- Born: 1823
- Died: 1902 (aged 78–79)
- Occupation: Schoolmaster and botanist
- Period: 1874-1892
- Subject: Alpine districts, botany, and topography
- Notable works: The Forest Cantons of Switzerland (1892)

= John Sowerby (botanist) =

British botanist

John Sowerby M.A. (18 September 1823 – 8 December 1902) was an English botanist, writer, and early member of the Alpine Club.

== Early life ==
John Sowerby was born in Sunderland, County Durham, the son of Jeremiah Sowerby and his wife, Ann (nee Slee).
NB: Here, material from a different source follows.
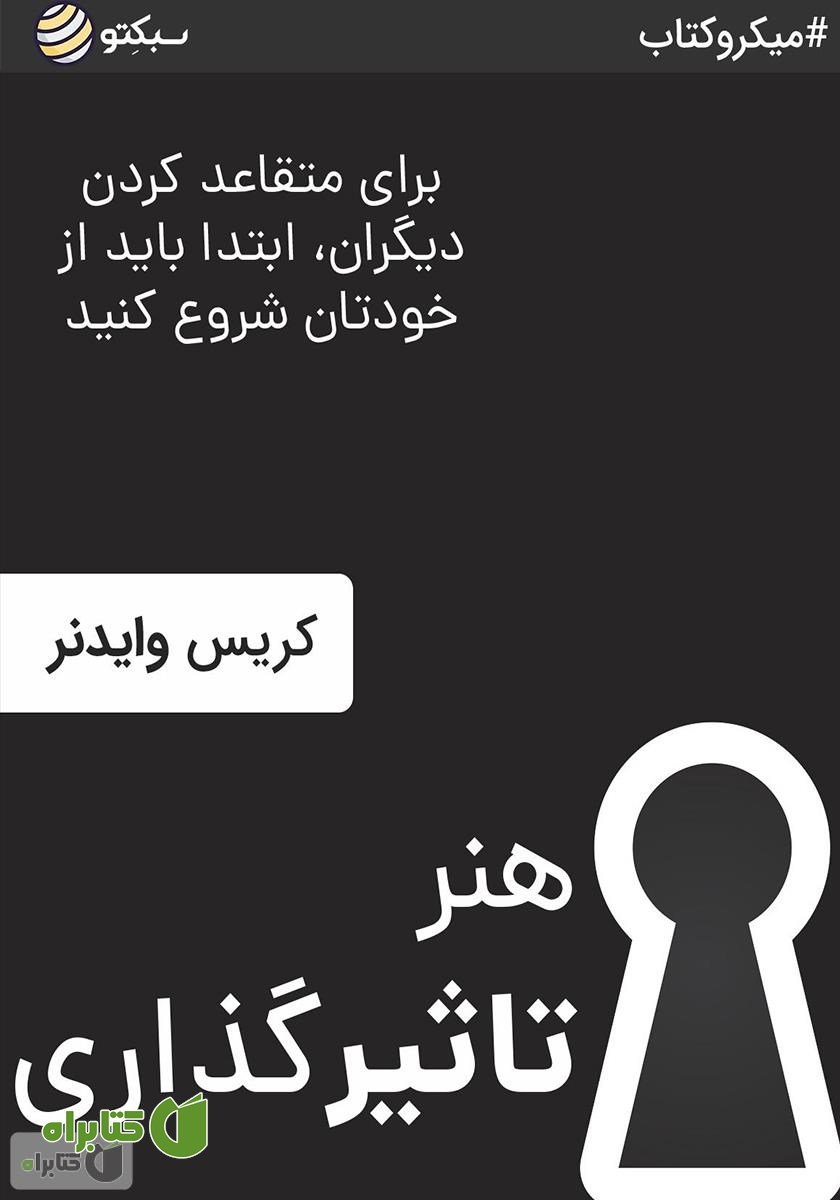 خلاصه کتاب هنر تاثیرگذاری: برای متقاعد کردن دیگران ابتدا باید از خودتان شروع کنید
He had a twin sister, Anna, with whom he remained close all his life.

His parents came from the Lake District and had married at Dacre, Cumberland, in 1816. His father was a chemist, and his mother was the daughter of a Cumberland farmer.

His parents retained an attachment to Cumberland, retiring to Wetheral, where John’s father died in 1854. John’s early interest in hill walking owed much to their influence.

== Cambridge, India, and Marlborough ==
In 1842, John was admitted to Trinity College, Cambridge, to study classics. In his second year, he changed to mathematics, which proved advantageous as in 1846, he won a scholarship, and in 1847, he achieved the ranking of 41st wrangler.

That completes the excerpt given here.